Brogborough with Some Wind


I had two possible destinations on the Sunday morning to indulge in some photography, so I put every likely lens into the car for either option, and set off for the nearest, which was the lake at Brogborough; the plan being that if the wind was insufficient or coming from the wrong direction or the visiting windsurfers were not keen on the more energetic activities such as jumping, I could ascertain the situation, and head off instead to the Stockwood Discovery Centre, which I had not visited for some time.
Upon arrival, several keen surfers were rigging sails and a couple were already on the water, and although the wind was fitful rather than constant, it appeared to be enough to bring out those I recognised as experienced, so my plan was being made for me, and I learned that to capture the shots I sought were going to need being taken the other side of the woods. By the time that information came my way, I had already chosen my heavy Benbo tripod, so I was in for a tough trek to reach the position from which to shoot.
I made haste and withe the heavy gear over my shoulder set off at a brisk trot so that I was in position as early as possible. The spot was at the shore’s edge, but was considerably lower than the surrounding land, and I knew of old that it was very steep and not easy. On arrival at the top of the bank I took the camera off the tripod, and the pullover off my back, as I was now very warm. Leaving the camera at the top, I used the tripod to assist my descent to the water’s edge as a surrogate walking stick. Then returned to collect the camera and for added safety put the strap around my neck and gingerly made my way down, where I mounted the camera back on, and set it up. I took a few shots from just above the bottom, but after a short while moved the tripod into the water which was a better spot as it cleared some of the reeds, giving me a wider angle of view, and being lower meant I had a better chance of seeing clear air beneath the boards of anyone doing any jumps.

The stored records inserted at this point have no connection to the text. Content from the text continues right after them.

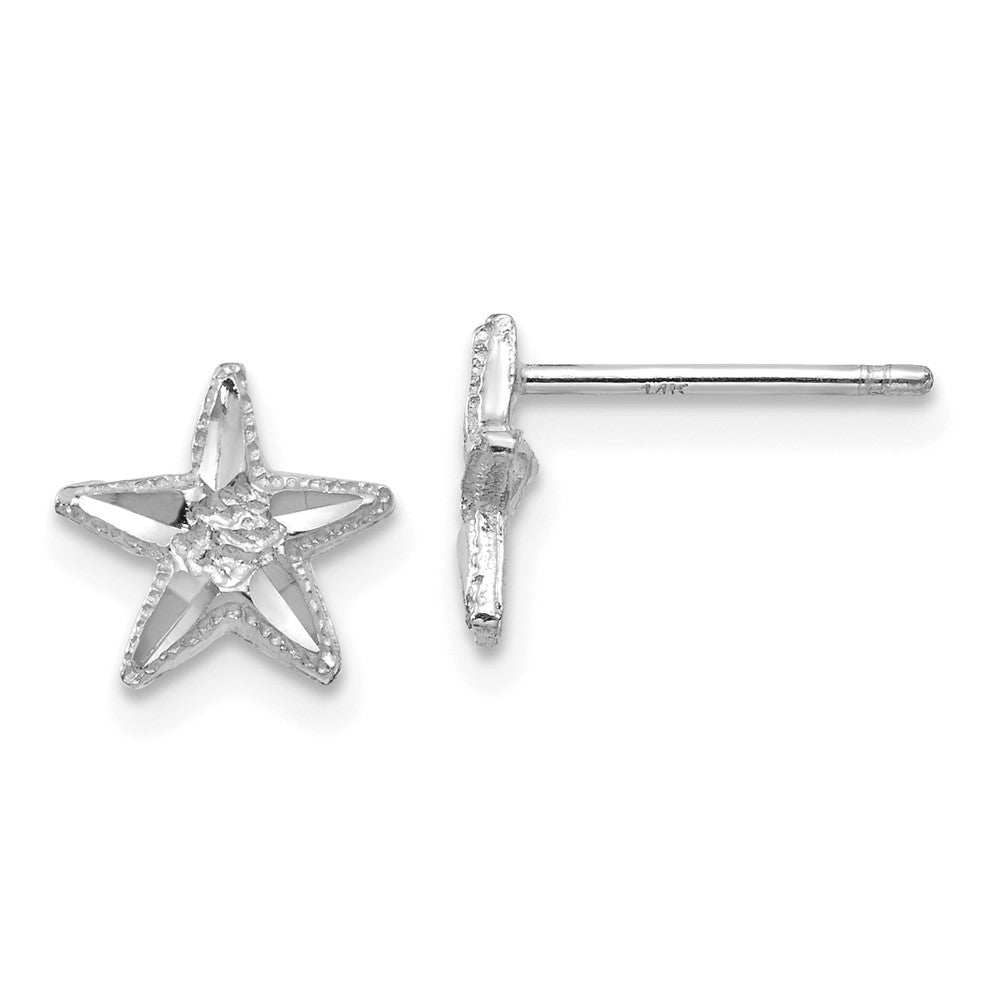 14K Weißgold Diamantiert Seestern Ohrringe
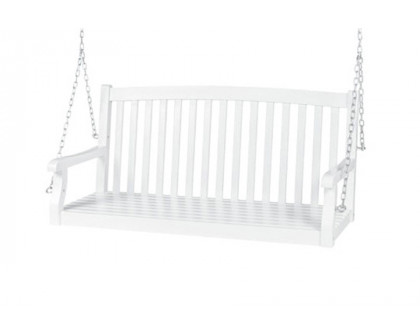 FaFurn - White Acacia Wooden Curved Back Hanging Porch Swing Bench with Mounting Chains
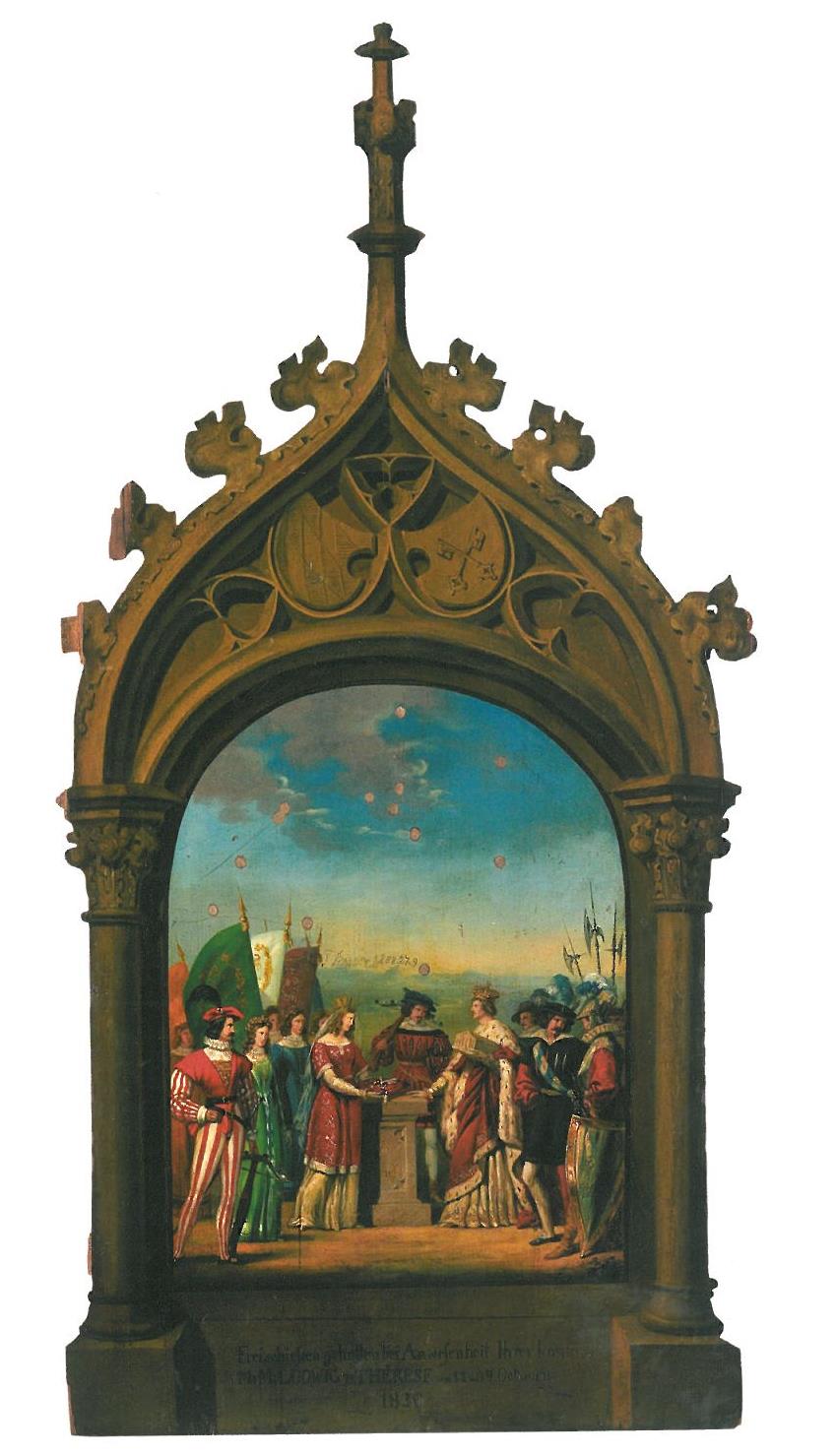 Ratisbona überreicht König Ludwig I. die Stadtschlüssel. Hans Kranzberger, Regensburg, 1830, Schützenscheibe.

This was one of the reasons I chose this particular tripod, as the bottoms of its legs are sealed, allowing them to be in water to just below the top of the first section; in other words the legs can stand safely in around eighteen inches of water – quite handy in this situation.
In my haste, I did make one error which defined how long I could be shooting, namely I was limited to just short of 32GB of images because I made an error by forgetting to put another card in my pocket, as it transpired that was a slight benefit as it did mean I would have to either make a second trip through the woods with my heavy gear or call it a day to limit the amount of time spent in front of a computer screen, I chose the latter and after a refreshing cup of tea, headed back to sort the images into a gallery.
The gallery is now up before the end of Monday, so I hope that it provides some of the participants memories of a pleasant windsurfing afternoon.